Tell us about that photo gallery which Janno contemplates so often.
I found all remote farmhouses from the region have that kind of family portrait gallery on the walls, it is a refrain from loneliness, a comfort. Every farmer wants to look up and feel that his family has been there for three centuries. It is a way of saying “we belong to this land, look at all the souls who came before us...” Which community do I belong to? Which land do I belong to? These questions form part of the main themes in the film. Today, not to belong to a place or community is a common thing, as we hear and read everyday about stories of immigrants, refugees and exiles. As the South African government mulls over the idea of telling the Afrikaners that they don’t belong there, that they should give back their land, it shows that the very idea of belonging is evolving and that is part of the story. As for Janno, the pictures on the wall are not a comfort, they are a weight against which he pushes. He is moving towards a new Africa, a new sense of place that has not been discovered by the older generations.
How did you work on the image of the film?
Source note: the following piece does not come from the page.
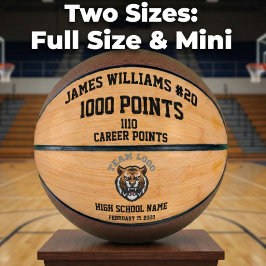 1000 Punten Douanenaam, Team Logo & Jersey Nummer Basketbal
I lured Michal Englert, a fantastic Polish cinematographer, with photographs of the Free State that I had taken during my years of road trips. He came early to South Africa so that we could criss-cross the area together and brainstorm. I also watched a bunch of classic Polish films, some of them with religious motifs, like Jerzy Kawalerowicz’s Mother Joan of the Angels, so that I could understand his cultural point of view. Before the shoot we made a shot list and storyboarded some scenes. I didn’t want the image to transform the landscapes – they are already unique and beautiful, for instance it was always a dream of mine to shoot at Sterkfontein Dam, the artificial lake where we staged the rugby and fishing scenes. Michal is also so great at hand-held camera work, so we begin with static shots and gradually transform into hand-held as Janno shifts and unravels and finally the film returns to static frames as a way of coming full circle. The nightclub scene is amazing, it offers a kind of dreamlike breathing space... I see it as almost the future of South Africa: On my travels I was surprised to find that every farm town on the border between Free State and KwaZulu-Natal had a small Chinatown area, immigrants coming in through neighbouring Lesotho. They don’t care to speak English or try to be white, but rather speak Zulu or Sotho. A ‘shebeen’ is an African nightclub and I thought how great it would be to create a ‘Chinese shebeen’, they don’t exist yet but they will. Yes, the scene has a dreamlike feel, but to me the whole film is dreamlike, like a feverish chamber play. Or, say, cathartic.
Like a Greek tragedy?
Yes, a few years ago I visited the island of Rhodes with my mother, and attended a live performance of a Greek tragedy for the first time. It was Iphigenia in Tauris. I was struck by the intensity of the acting, Iphigenia came onto stage crying and was hysterical from start to finish! That Greek style of sustained intensity is very exciting to me, it impacted how I chose to tell the story of The Harvesters. Still, at heart I am African and so I always knew I had to make my first feature film in my country, to make a film in South Africa about South Africa, even though the next will probably take place in the United States, where I live now.